News from the gym

I don't watch the news and to be honest I don't understand why anyone with half a brain would. That is, I don't watch except when they put a screen in my face with the captions on like it's the case at the gym. I didn't think I would ever regret being able to read. A TV screen is a terrible thing: it's very hard not to look at it. And I had forgotten the Zune.
So I watched the news.
Here's what I learned...

  1. Some random woman got condemned for murder. Not sure how this is newsworthy but that's all they talked about on CNN while I was there.
  2. Some famous golf player did something apparently not very nice. Not sure who or what, I think I my brain might have gone to sleep at that point.
  3. We might have to reconsider all the scientific results for the last five centuries, because apparently a bunch of scientists are vicious assholes.
  4. There is a segment on Fox News called "the dumbest thing of the week" that surprisingly isn't a best of what they said during the week.
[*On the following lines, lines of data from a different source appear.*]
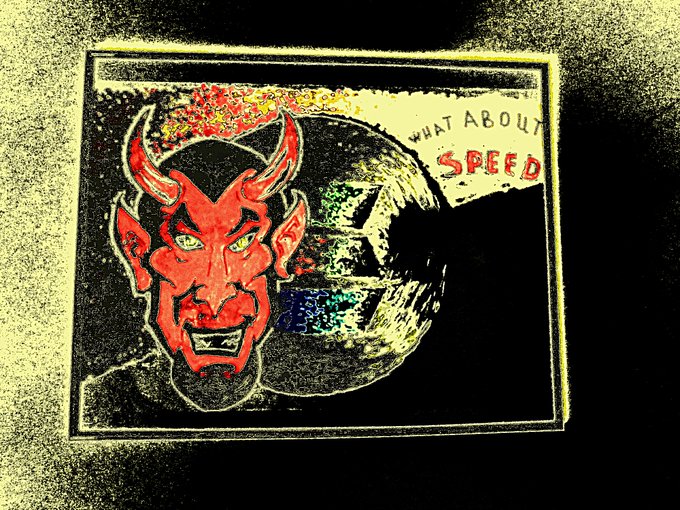 A stylized poster featuring a red horned devil face with the text 'WHAT ABOUT SPEED' alongside a tire graphic, rendered with a vintage halftone print effect.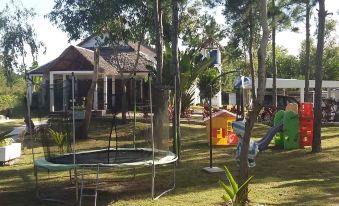 a playground with various equipment , including swings , a slide , and a trampoline , surrounded by a house at The Sanctuary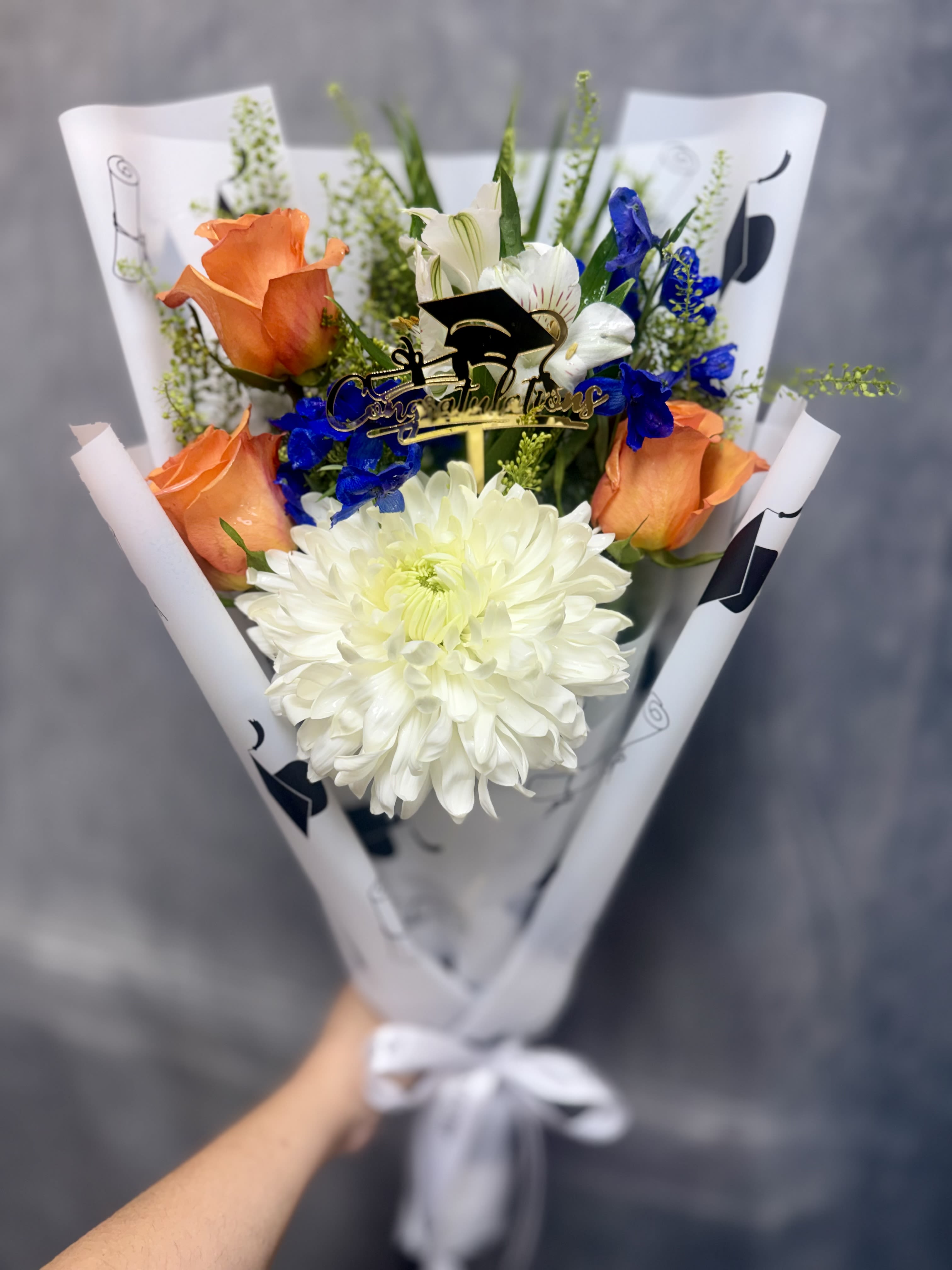 Cap &amp; Bloom bouquet - Bright orange roses with a large white chrysanthemum and vivid blue accents, hand-wrapped in printed white paper with a satin ribbon-cheerful, polished gift for graduations, birthdays, or thanks.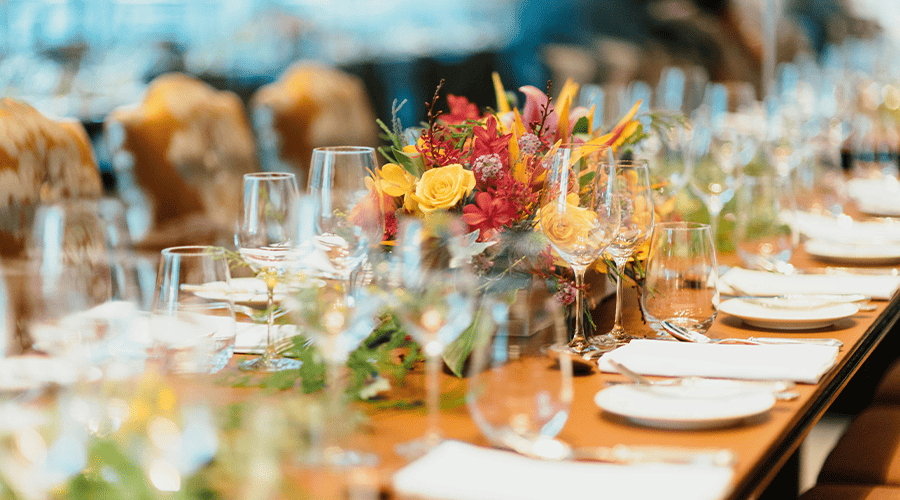 A long wedding breakfast table with a yellow and red flower arrangement in the middle, wine glasses, white plates and cutlery as well as chairs in the background.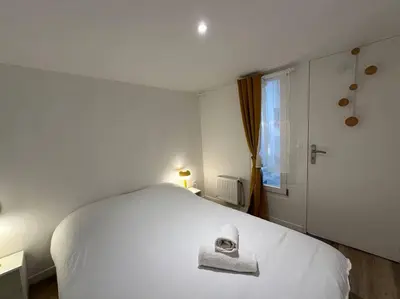 Un ou plusieurs lits dans un hébergement de l'établissement Libergier- Maisonnette cathédrale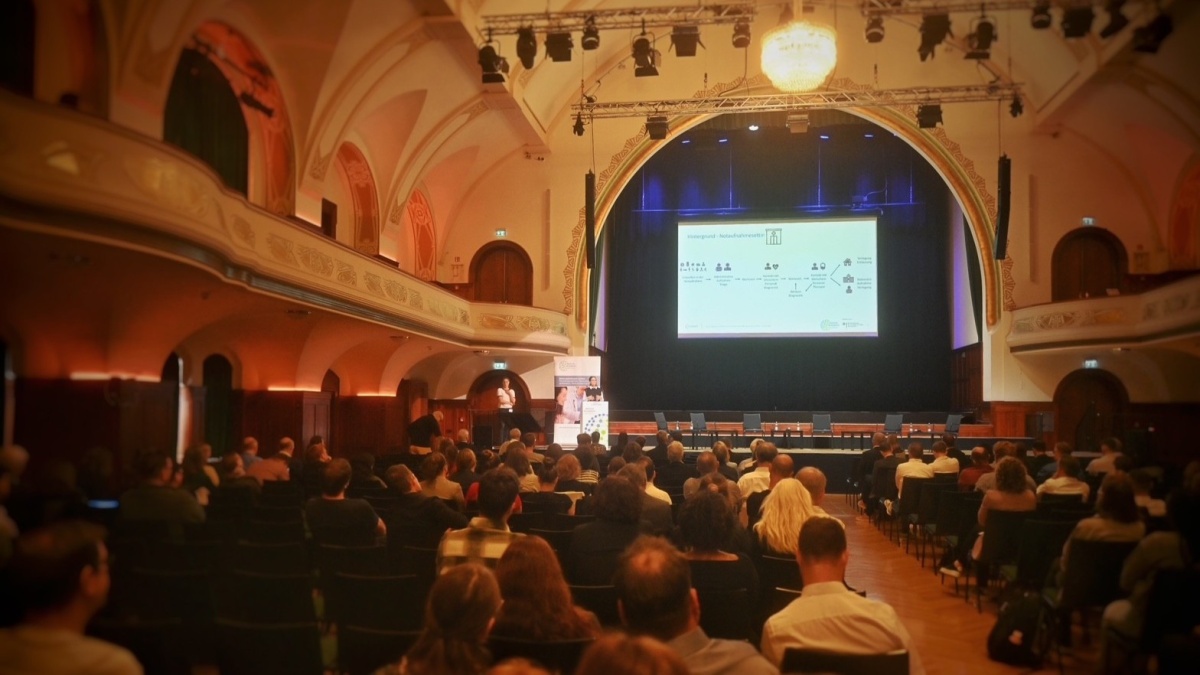 Das Volkshaus Jena von innen. Ein großer Saal mit Publikum, welches einem Vortrag mit PowerPoint zuhört.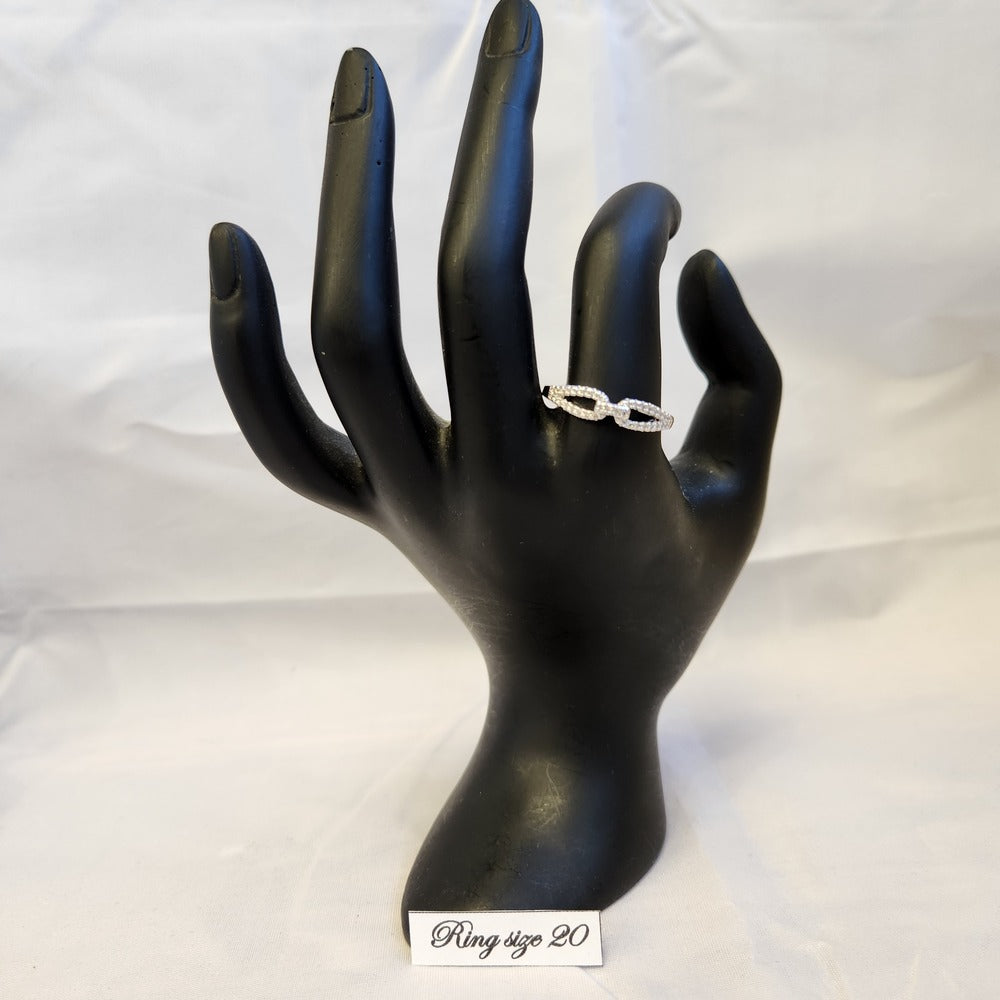 Dainty link chain design ring displayed on a mannequin stand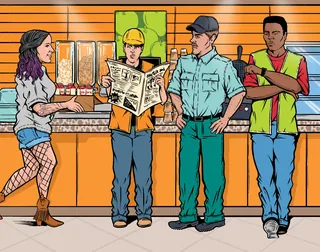 Four workers in various uniforms standing and reading a newspaper indoors.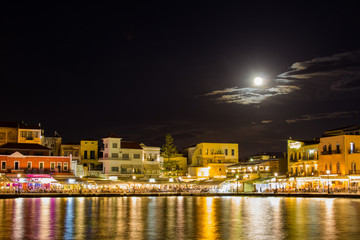 Fototapeta na wymiar Full moon over the old port of Chania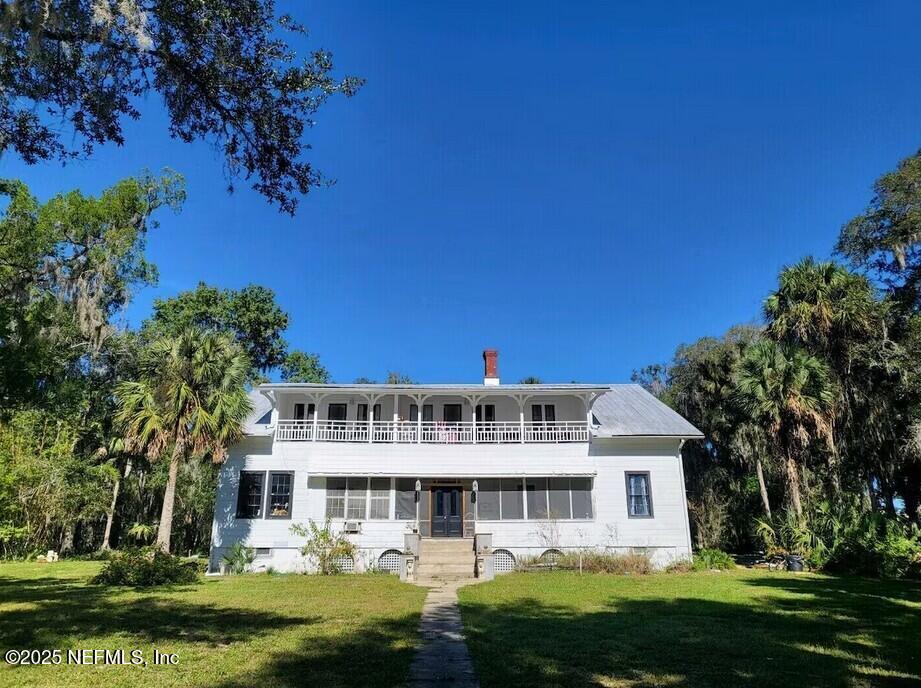 103 Beacon Street Interlachen, FL 32148 - Photo 20 of 30 front view of a house with a garden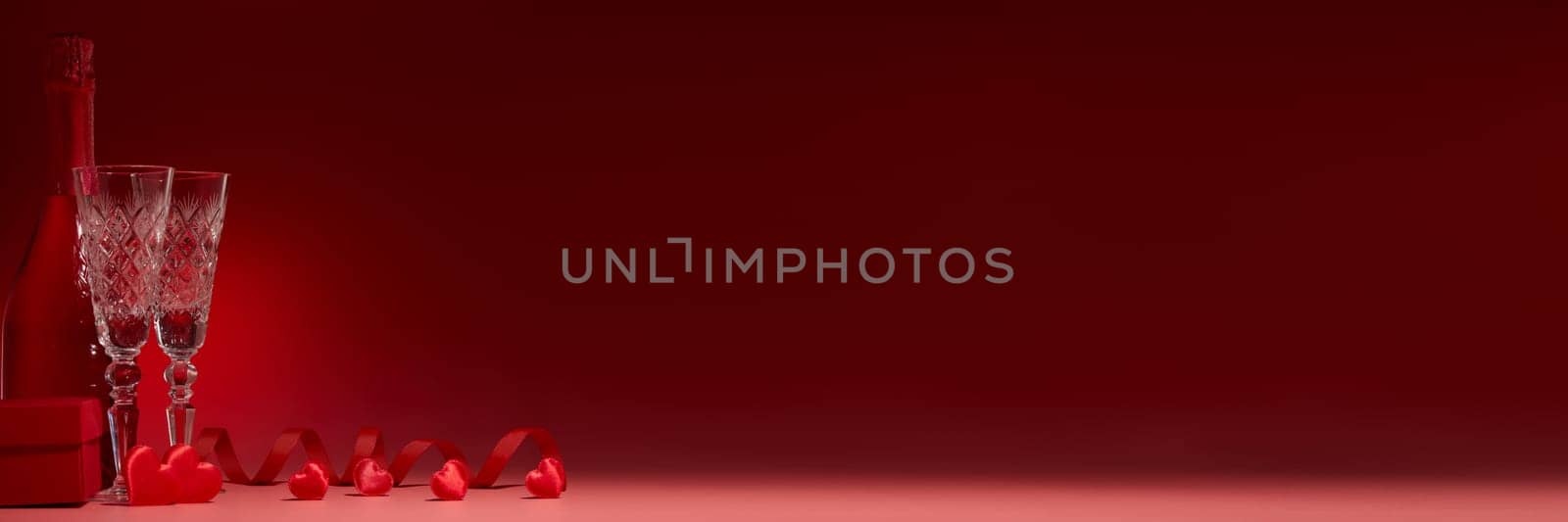 Red hearts, gift box, champagne bottle and flutes on red background. Copy space. Valentine's Day. Wedding Day. For romantic greeting card, invitation. Extra wide panorama banner background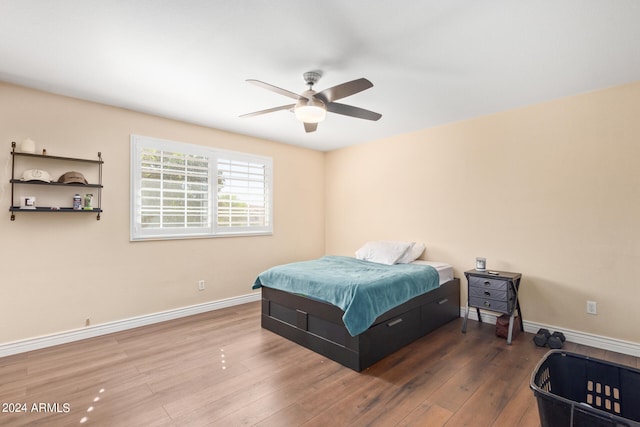 bedroom featuring hardwood / wood-style flooring and ceiling fan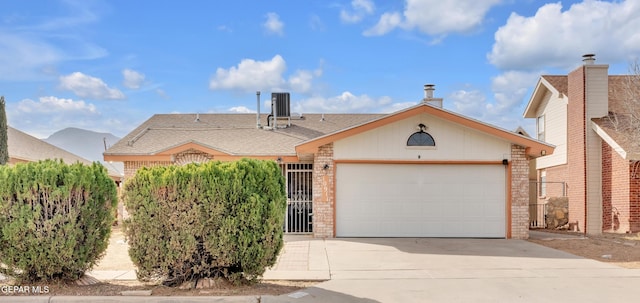 ranch-style home with concrete driveway, brick siding, an attached garage, and central air condition unit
That's when I noticed the blood coming out of my eyes.
  5. Surprisingly, the dumbest thing I heard this week wasn't on Fox, it was on NPR in the car on my way back home. They were interviewing a guy who had raped 11 of the children that he was coaching, and he was saying that it was all right now because God had forgiven him. So apparently what's important is not that the people you hurt forgive you, what's important is that some hypothetical deity does.

Must think of taking the Zune next time...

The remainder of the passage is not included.